Category 1 – Customer Data
Category 2 – Compliance
Category 3 – Legal
Category 4 – Service Continuity
Category 5 – Finance
Category n – Security

Once all the Categories have been identified then the material should be further sub-divided into Sub-categories. I would suggest that these three drill-downs are sufficient to hold all the information in Layer 1. The Sub-categories will contain all the specific document and data sets that relate to a particular Category and this can be assigned by client or customer type or by any other specific grouping.

This hierarchy is not meant to be in any way prescriptive, just examples on the concept of Categories and Sub-categories.

Example ‘Hot Spots’

I’ve identified four possible ‘hot spots’ based on personal observations of real life events and these are shown in Figure 4. Clearly, there will be others depending on the set-up of a particular ITSM organisation and the types of client it supports.

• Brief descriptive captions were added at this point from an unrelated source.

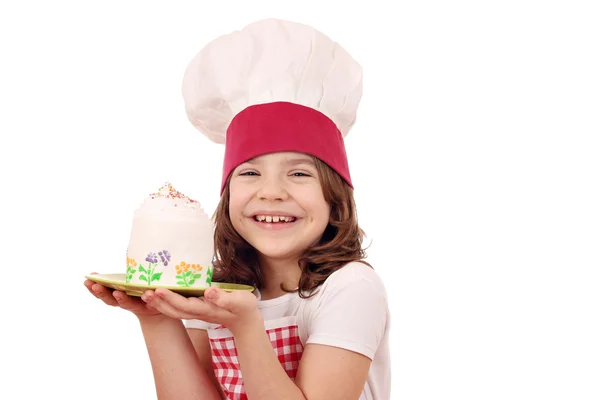 Happy little girl cook with sweet cupcake — Stock Photo, Image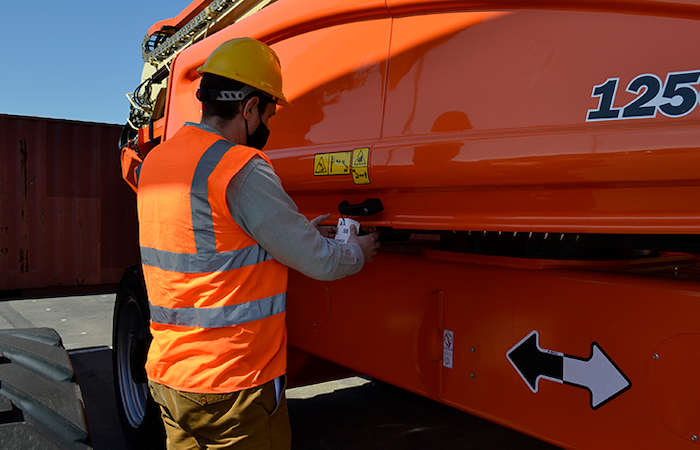 Worker in safety gear using industrial equipment with Impinj technology for enhanced functionality and user experience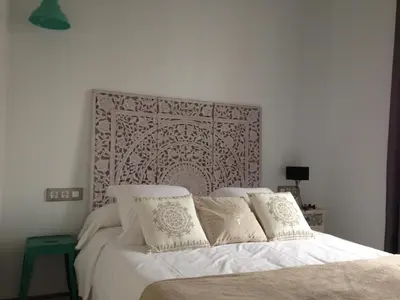 a bedroom with a bed with white sheets and pillows at El 16 Ruzafa in Valencia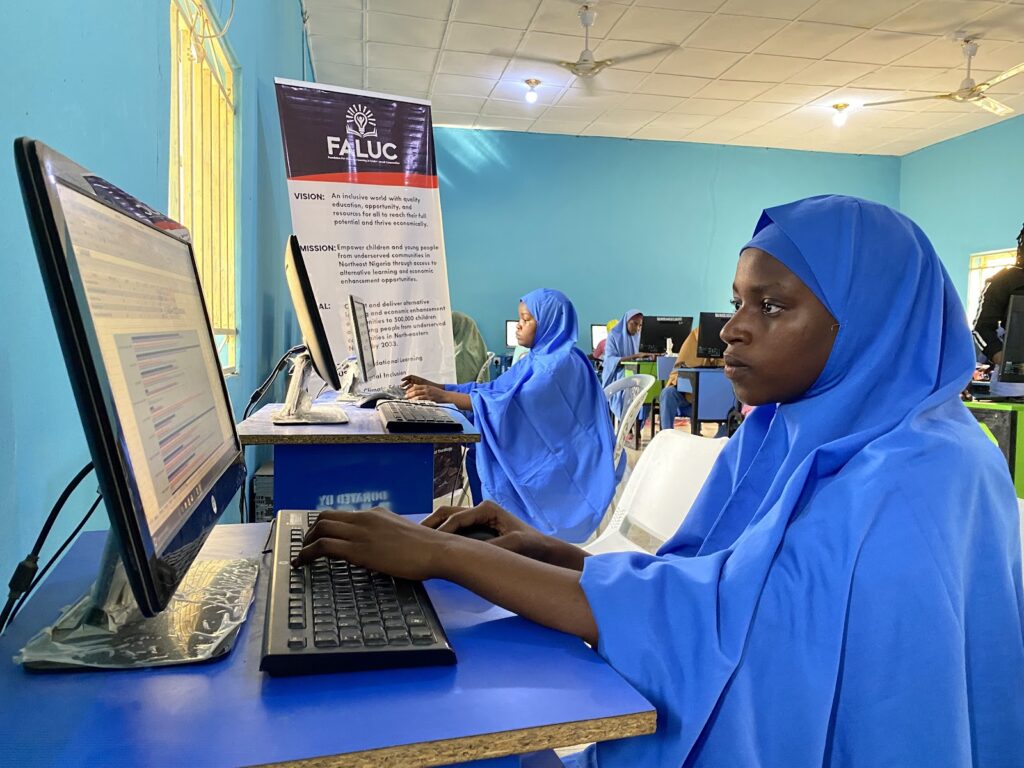 A young schoolgirl in the Northeast of Nigeria sits in front of a computer as she writes her JAMB exam.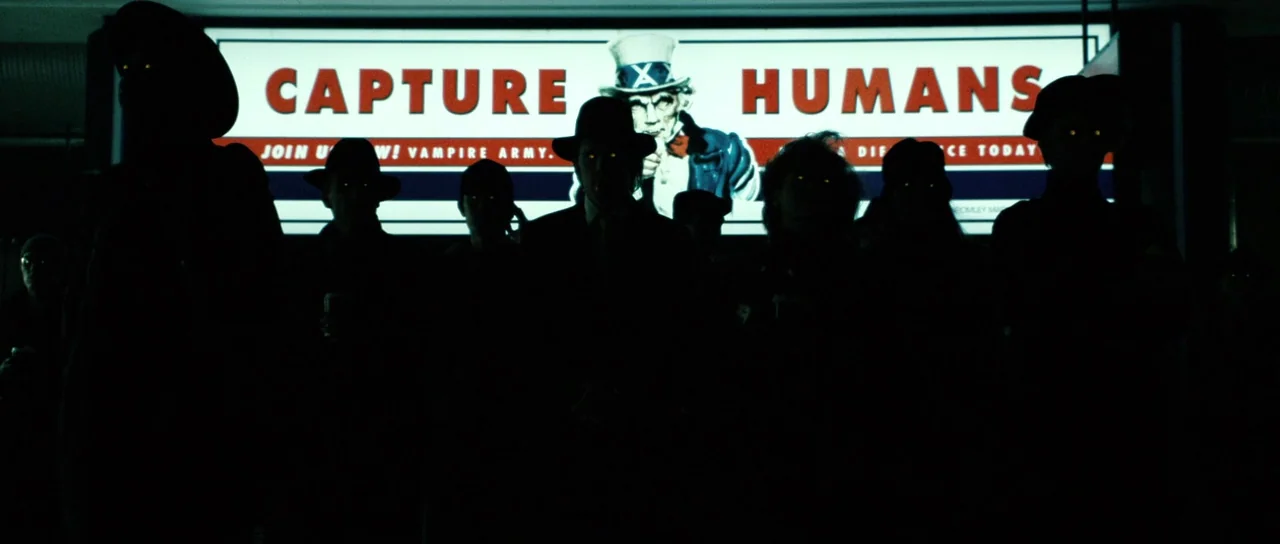 Daybreakers (2009) movie still: medium — A dark, dimly lit indoor public transport area displays a large backlit propaganda sign. Several shadowy…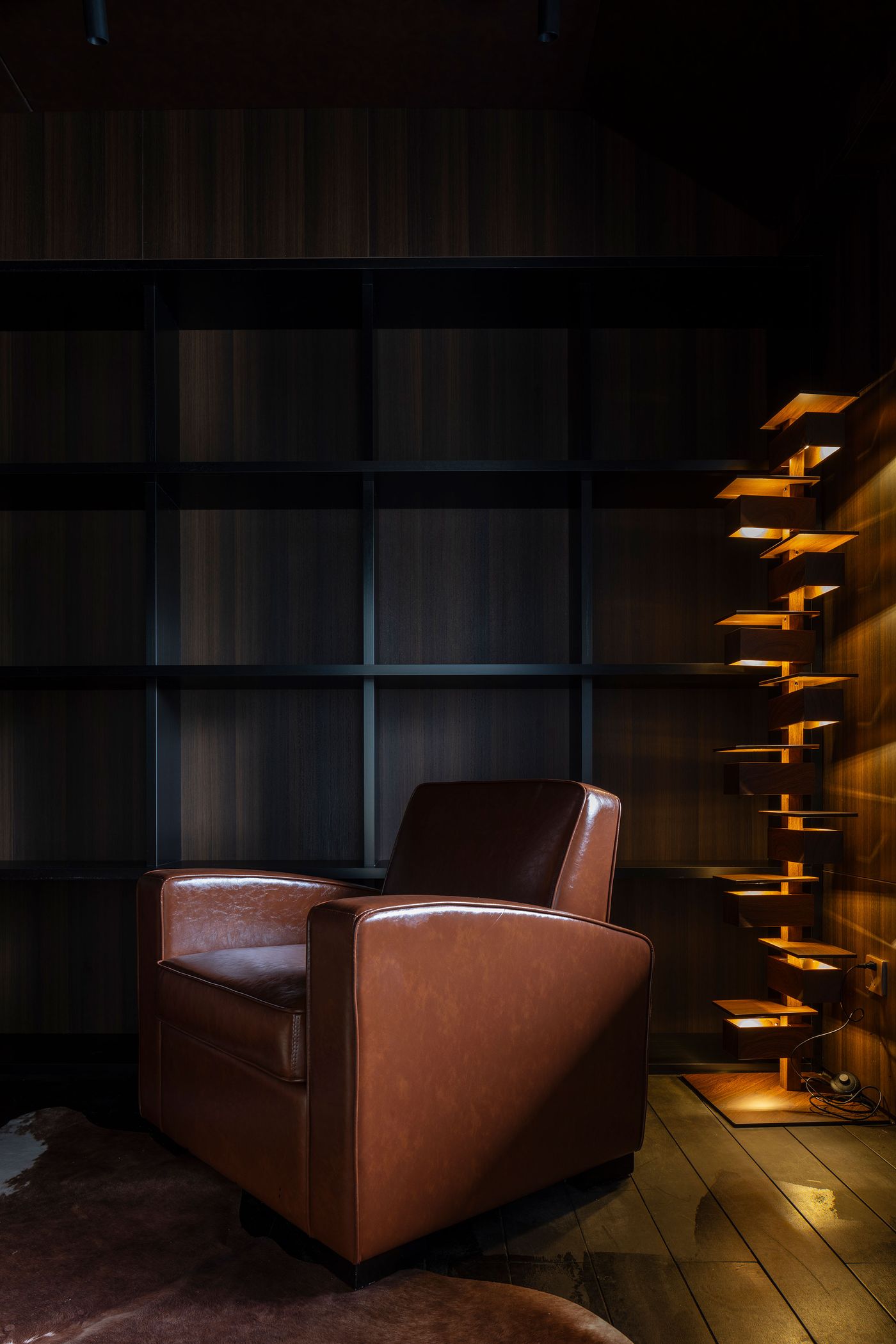 A warm, inviting interior nook within Wutopia Lab's Lake House showcases a rich brown leather armchair set against a dark wood paneled wall and integrated shelving. A distinctive, illuminated vertical sculpture on the right, crafted from staggered golden elements, casts an ambient glow, creating a sophisticated and contemplative atmosphere that blends modern design with a subtle sense of luxury.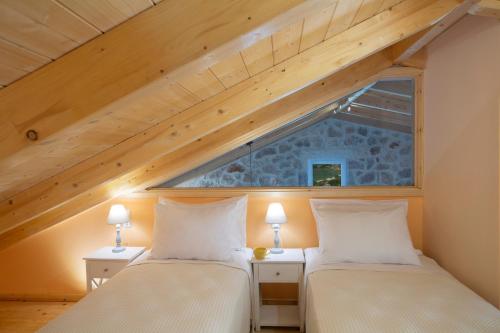 two beds in a attic room with a window at Pnoes Villas Vasiliki Lefkada in Vasiliki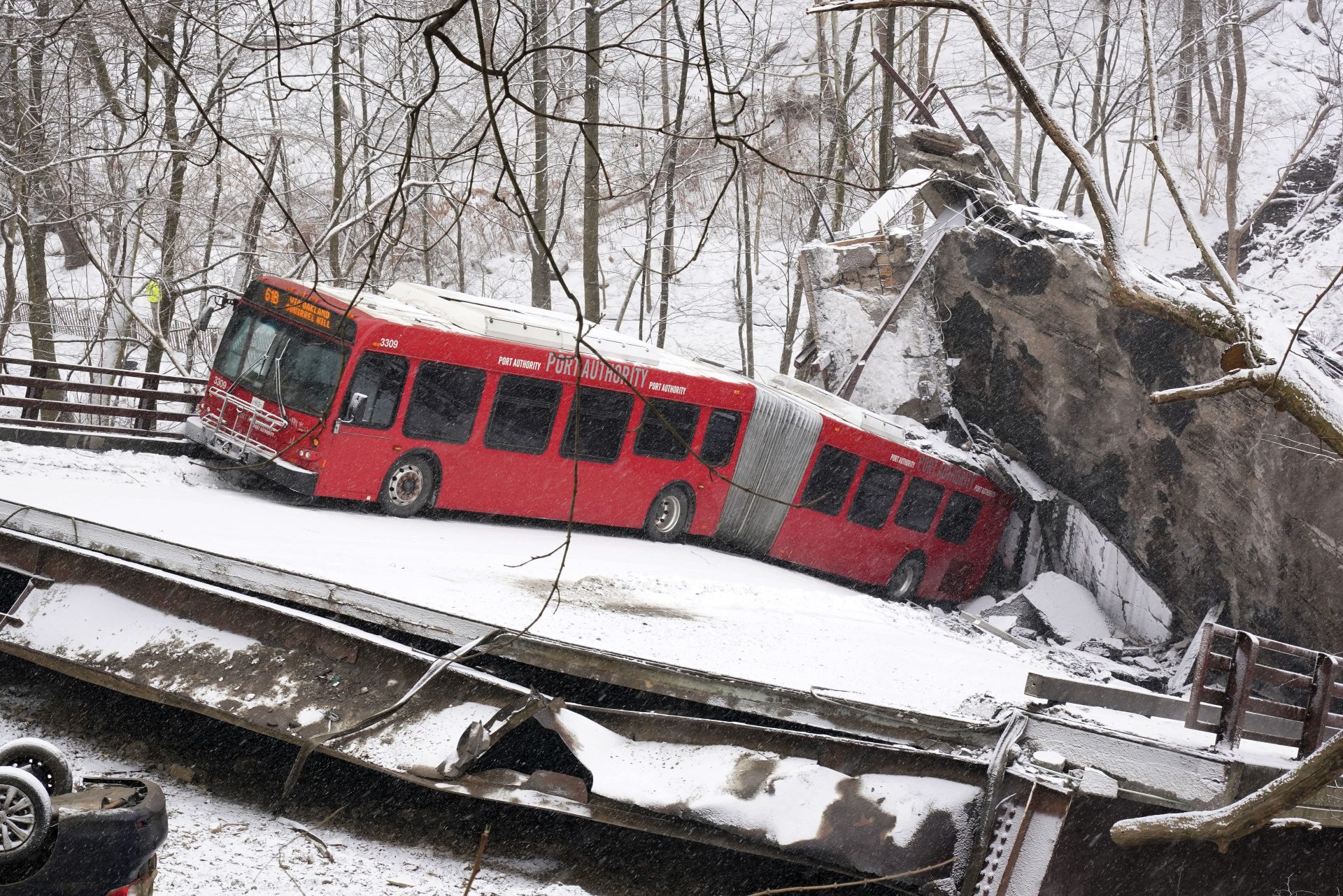 This is a Pittsburgh Transit Authority bus that was on the Fern Hollow Bridge in Pittsburgh when it collapsed Friday morning Friday, Jan. 28, 2022. (AP Photo/Gene J. Puskar)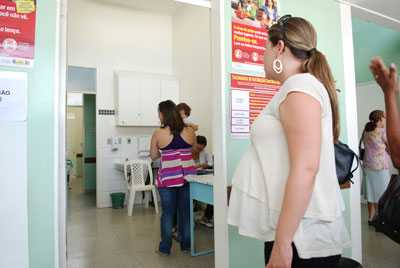 A pregnant woman waits in the doorway of a clinic to receive her vaccine. Brazil. 2014-2015 season.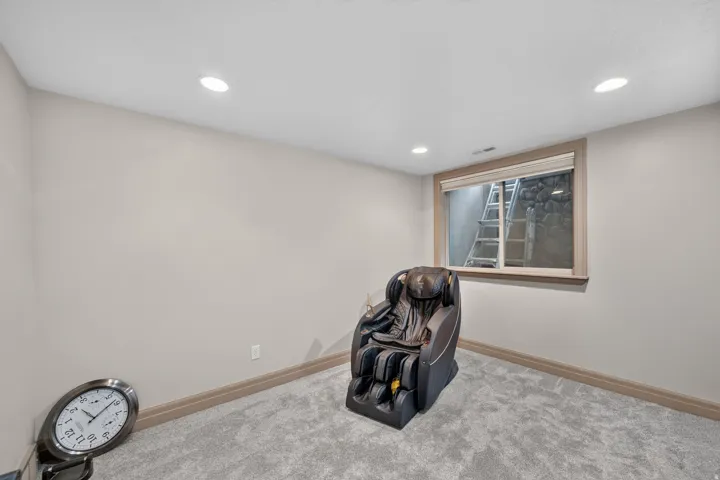 Carpeted room featuring recessed lighting, a window with wood trim, and neutral-toned walls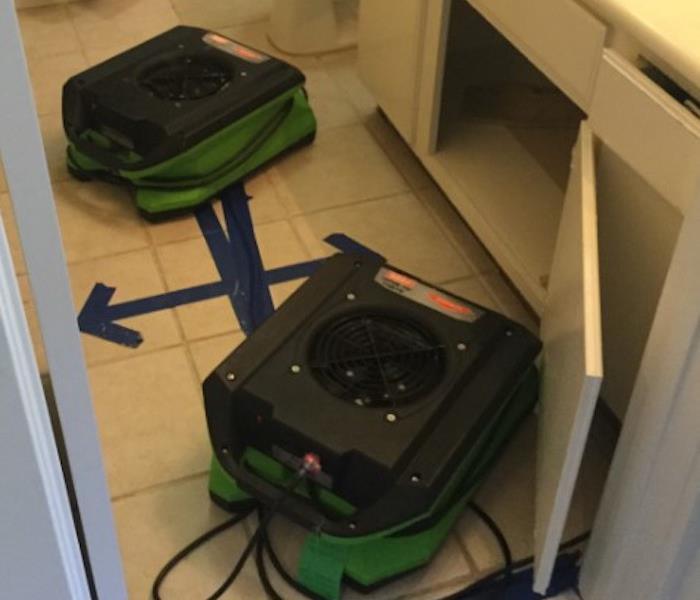 Water Damaged Bathroom with SERVPRO equipment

The figure is based on a simplified ITSM organisation that could be either a MSP dedicated to external clients, or an ITSM organisation providing IT services to an internal client. The IT Operations can be either internal or external hosting with or without applications support. For the purpose of this guide it is assumed that the IT Operations is in-house and provides hosting, communications and applications support – within an overall governance framework.

There are four example ‘hot ‘spots’ shown in Figure 4.

  • Client Portal – Risk to reputation due to poor quality of customer information
  • Legal and Commercial – Cost of litigation due to incomplete contract audit trail
  • Compliance – Cost of compliance due to audit failure and forced re-work
  • Service Continuity – Risk to IT service continuity due to inadequate preparation

All of the above examples relate to the absence, inaccuracy or timely retrieval of information.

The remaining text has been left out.